Web page caption snippets:
※ ※ ※
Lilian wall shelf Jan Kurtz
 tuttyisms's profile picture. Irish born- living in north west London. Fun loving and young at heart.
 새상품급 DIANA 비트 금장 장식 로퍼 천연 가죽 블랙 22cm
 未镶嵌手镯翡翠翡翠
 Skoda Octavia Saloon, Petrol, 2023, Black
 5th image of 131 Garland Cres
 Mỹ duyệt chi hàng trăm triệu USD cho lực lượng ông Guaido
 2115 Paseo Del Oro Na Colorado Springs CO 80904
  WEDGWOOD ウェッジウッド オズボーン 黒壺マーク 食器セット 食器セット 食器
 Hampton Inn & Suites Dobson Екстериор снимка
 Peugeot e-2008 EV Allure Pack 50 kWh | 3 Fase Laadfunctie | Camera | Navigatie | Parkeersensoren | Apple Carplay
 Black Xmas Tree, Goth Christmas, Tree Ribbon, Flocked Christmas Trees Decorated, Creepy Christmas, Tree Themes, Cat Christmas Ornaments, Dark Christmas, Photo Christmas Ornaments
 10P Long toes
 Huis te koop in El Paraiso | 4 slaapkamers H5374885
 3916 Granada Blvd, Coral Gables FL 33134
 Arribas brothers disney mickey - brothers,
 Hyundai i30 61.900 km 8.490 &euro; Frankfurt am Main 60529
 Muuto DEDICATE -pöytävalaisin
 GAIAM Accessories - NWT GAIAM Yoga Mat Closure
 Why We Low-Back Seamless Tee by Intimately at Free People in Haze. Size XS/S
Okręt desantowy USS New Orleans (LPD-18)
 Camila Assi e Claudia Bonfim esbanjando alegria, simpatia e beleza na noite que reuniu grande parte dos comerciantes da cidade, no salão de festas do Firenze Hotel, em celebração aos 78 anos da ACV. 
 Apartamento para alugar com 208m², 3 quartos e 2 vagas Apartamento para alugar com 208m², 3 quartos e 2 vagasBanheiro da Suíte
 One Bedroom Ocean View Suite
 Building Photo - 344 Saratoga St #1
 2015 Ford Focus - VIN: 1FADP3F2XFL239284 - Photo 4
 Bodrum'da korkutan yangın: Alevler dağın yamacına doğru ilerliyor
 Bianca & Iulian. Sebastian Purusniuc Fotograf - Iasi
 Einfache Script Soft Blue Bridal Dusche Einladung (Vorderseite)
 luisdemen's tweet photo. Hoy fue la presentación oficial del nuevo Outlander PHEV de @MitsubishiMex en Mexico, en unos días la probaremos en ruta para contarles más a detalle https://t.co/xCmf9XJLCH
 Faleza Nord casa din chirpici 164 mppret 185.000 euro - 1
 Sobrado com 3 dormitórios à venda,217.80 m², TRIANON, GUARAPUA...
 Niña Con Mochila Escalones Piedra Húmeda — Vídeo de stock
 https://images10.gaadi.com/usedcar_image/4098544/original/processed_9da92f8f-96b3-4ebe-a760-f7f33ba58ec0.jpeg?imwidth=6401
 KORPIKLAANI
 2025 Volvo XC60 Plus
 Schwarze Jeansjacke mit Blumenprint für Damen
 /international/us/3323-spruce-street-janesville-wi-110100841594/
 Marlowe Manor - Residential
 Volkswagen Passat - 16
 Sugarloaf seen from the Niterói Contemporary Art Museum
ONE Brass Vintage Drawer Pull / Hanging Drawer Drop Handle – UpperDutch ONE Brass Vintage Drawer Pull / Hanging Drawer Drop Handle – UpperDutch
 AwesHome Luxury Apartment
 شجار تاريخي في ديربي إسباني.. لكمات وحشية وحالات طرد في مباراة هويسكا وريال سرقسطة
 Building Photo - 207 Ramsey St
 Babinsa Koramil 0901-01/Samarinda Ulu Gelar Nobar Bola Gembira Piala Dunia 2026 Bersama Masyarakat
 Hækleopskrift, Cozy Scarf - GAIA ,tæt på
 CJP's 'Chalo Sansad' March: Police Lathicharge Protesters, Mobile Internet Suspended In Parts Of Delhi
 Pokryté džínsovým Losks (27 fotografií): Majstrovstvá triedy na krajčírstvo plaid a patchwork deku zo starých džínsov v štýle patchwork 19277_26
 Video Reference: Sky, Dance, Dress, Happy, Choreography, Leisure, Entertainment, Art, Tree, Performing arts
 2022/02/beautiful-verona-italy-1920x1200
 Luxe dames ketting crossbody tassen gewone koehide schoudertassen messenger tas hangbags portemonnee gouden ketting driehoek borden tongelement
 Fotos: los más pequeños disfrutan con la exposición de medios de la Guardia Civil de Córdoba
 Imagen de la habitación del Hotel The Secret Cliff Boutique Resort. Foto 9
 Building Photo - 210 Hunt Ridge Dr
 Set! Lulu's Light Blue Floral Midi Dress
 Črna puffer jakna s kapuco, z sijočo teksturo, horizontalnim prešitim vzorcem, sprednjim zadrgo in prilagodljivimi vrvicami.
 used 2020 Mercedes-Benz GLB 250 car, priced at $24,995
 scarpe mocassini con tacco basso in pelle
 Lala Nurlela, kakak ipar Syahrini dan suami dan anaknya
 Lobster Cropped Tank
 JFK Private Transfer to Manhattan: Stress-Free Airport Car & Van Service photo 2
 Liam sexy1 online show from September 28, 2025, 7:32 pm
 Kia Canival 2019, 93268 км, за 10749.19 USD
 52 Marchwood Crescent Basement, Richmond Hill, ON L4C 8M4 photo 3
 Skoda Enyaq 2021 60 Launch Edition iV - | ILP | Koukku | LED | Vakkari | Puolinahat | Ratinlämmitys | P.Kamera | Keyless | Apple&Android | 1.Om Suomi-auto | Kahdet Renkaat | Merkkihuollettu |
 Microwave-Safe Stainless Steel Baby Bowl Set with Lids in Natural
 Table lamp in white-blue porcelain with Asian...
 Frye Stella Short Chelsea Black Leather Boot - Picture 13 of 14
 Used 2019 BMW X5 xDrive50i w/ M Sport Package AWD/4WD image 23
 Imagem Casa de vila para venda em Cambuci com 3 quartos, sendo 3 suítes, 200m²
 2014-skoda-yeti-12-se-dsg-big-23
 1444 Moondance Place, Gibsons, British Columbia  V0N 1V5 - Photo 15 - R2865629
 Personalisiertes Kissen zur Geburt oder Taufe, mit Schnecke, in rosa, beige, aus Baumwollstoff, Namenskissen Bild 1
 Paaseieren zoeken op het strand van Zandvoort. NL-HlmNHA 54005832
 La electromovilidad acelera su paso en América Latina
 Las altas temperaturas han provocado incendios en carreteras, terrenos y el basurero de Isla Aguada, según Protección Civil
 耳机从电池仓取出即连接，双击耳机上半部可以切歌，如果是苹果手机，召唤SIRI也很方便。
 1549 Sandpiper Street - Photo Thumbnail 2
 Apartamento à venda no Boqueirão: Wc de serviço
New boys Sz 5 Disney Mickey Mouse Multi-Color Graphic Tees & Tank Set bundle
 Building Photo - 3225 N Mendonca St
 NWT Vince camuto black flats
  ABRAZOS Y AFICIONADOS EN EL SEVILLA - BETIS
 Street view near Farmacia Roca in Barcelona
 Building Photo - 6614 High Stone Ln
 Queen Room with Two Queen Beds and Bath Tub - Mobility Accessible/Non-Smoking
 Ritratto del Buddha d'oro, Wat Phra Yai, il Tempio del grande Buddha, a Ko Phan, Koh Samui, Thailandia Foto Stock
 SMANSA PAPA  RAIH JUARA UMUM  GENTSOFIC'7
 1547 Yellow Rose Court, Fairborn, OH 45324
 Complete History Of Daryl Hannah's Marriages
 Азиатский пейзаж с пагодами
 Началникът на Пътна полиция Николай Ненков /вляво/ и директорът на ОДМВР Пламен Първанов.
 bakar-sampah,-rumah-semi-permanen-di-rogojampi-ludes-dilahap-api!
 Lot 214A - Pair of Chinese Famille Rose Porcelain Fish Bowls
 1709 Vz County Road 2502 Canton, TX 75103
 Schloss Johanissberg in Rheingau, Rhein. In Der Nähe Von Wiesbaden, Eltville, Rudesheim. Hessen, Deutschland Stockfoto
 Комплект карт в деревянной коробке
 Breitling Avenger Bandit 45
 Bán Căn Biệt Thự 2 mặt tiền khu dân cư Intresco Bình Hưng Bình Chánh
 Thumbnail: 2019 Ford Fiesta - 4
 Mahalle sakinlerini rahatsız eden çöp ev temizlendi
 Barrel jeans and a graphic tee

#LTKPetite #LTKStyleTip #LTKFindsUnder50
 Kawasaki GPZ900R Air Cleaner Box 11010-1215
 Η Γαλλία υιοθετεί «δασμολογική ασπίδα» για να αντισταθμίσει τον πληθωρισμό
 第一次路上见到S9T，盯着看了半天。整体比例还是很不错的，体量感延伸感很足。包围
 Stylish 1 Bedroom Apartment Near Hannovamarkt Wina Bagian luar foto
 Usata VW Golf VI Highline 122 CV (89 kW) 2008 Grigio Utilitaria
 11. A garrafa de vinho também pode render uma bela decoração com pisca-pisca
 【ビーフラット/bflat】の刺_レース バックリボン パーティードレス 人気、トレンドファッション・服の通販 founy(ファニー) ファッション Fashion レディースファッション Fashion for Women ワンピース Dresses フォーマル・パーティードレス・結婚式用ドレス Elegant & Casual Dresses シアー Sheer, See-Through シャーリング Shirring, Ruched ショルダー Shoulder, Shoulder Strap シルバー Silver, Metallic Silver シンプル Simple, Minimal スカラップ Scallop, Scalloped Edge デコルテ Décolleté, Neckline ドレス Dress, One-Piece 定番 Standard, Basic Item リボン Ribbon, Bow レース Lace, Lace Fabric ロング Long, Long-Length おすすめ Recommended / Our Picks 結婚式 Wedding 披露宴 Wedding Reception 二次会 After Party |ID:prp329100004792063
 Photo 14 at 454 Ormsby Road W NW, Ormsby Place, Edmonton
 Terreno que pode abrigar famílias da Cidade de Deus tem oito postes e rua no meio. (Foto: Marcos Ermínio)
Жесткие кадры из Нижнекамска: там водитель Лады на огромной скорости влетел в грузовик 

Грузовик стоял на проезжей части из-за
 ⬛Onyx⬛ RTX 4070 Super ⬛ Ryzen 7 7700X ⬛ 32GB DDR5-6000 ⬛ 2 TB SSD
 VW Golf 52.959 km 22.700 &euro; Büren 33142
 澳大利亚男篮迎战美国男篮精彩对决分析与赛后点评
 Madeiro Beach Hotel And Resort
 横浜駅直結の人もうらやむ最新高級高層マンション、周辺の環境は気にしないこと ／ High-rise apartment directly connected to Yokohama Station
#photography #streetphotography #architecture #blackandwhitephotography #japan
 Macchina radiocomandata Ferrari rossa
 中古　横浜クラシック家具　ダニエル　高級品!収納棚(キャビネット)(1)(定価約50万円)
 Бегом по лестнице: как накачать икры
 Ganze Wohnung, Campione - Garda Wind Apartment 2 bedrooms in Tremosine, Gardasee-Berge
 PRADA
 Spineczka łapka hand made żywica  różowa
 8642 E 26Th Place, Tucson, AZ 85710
※ ※ ※
Goal of the exercise: When the line containing "10P Long toes" is reached, include it and stop. Until then, output each line of the entries exactly as given, starting from the first.

Response to the exercise:
Lilian wall shelf Jan Kurtz
 tuttyisms's profile picture. Irish born- living in north west London. Fun loving and young at heart.
 새상품급 DIANA 비트 금장 장식 로퍼 천연 가죽 블랙 22cm
 未镶嵌手镯翡翠翡翠
 Skoda Octavia Saloon, Petrol, 2023, Black
 5th image of 131 Garland Cres
 Mỹ duyệt chi hàng trăm triệu USD cho lực lượng ông Guaido
 2115 Paseo Del Oro Na Colorado Springs CO 80904
  WEDGWOOD ウェッジウッド オズボーン 黒壺マーク 食器セット 食器セット 食器
 Hampton Inn & Suites Dobson Екстериор снимка
 Peugeot e-2008 EV Allure Pack 50 kWh | 3 Fase Laadfunctie | Camera | Navigatie | Parkeersensoren | Apple Carplay
 Black Xmas Tree, Goth Christmas, Tree Ribbon, Flocked Christmas Trees Decorated, Creepy Christmas, Tree Themes, Cat Christmas Ornaments, Dark Christmas, Photo Christmas Ornaments
 10P Long toes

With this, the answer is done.